[Web page caption snippets]
Start of Block

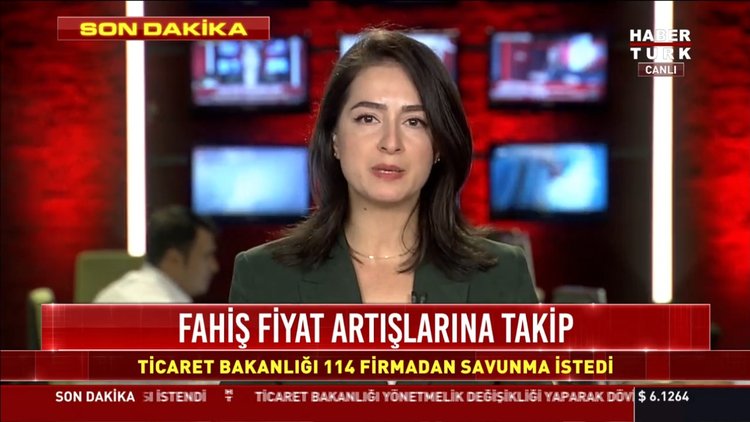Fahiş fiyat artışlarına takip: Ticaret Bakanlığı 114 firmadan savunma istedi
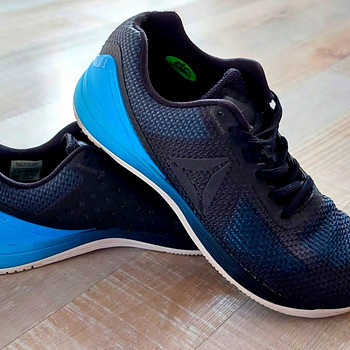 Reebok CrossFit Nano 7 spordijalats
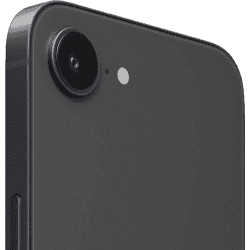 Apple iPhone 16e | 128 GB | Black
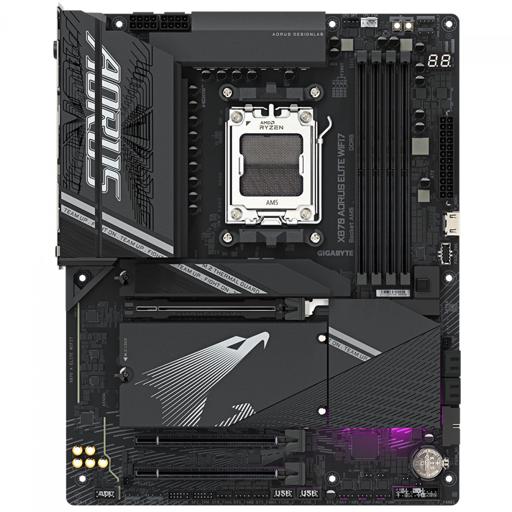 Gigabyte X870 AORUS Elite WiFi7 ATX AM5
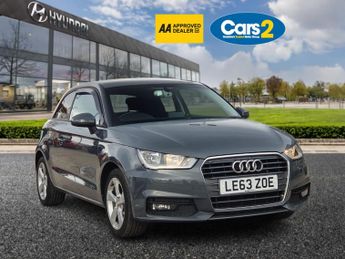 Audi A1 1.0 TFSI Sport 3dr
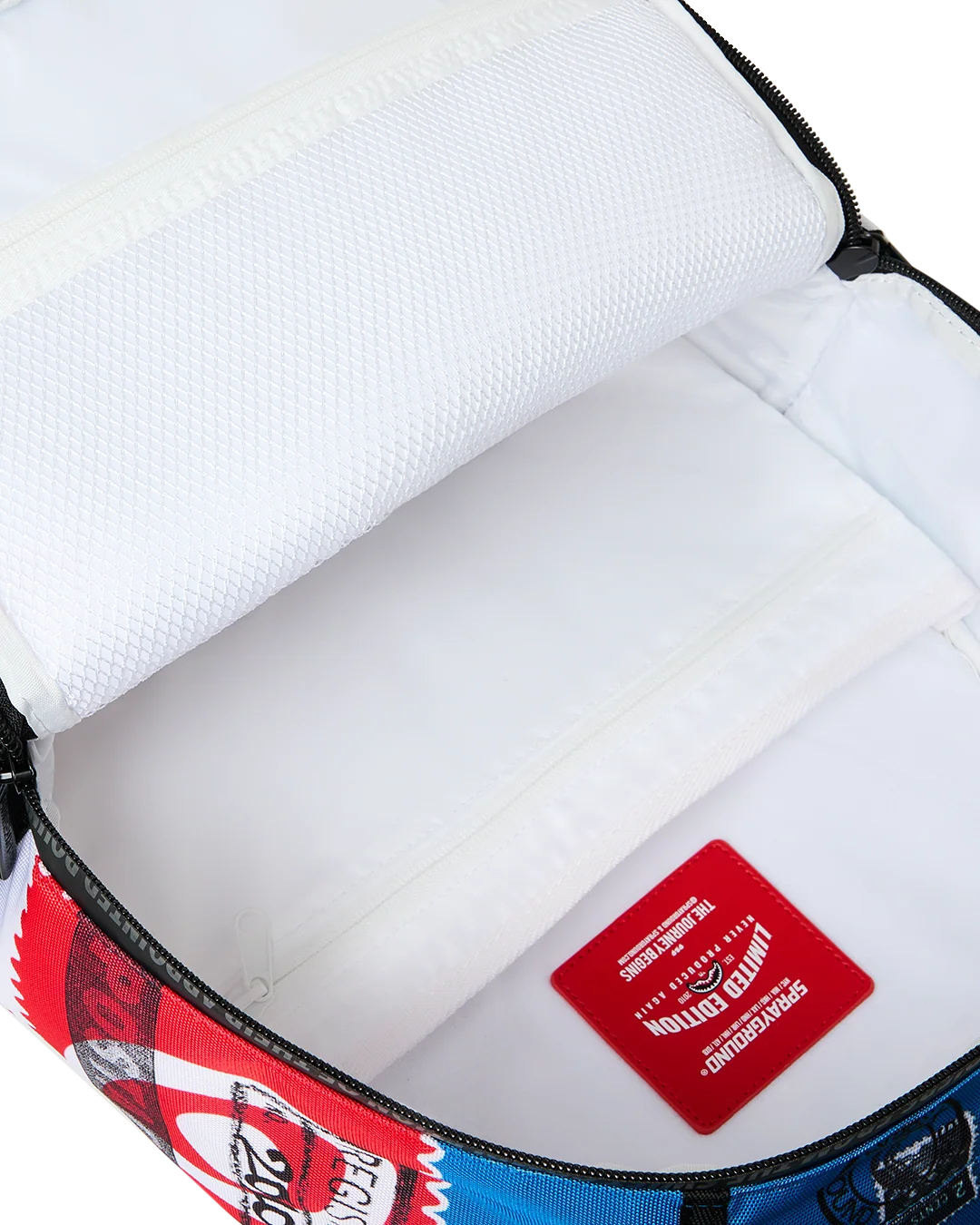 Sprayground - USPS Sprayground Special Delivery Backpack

End of Block

What you have to do -
Without the pictures, return the records above exactly as written.

Written reply -
Fahiş fiyat artışlarına takip: Ticaret Bakanlığı 114 firmadan savunma istedi
 Reebok CrossFit Nano 7 spordijalats
 Apple iPhone 16e | 128 GB | Black
 Gigabyte X870 AORUS Elite WiFi7 ATX AM5
 Audi A1 1.0 TFSI Sport 3dr
 Sprayground - USPS Sprayground Special Delivery Backpack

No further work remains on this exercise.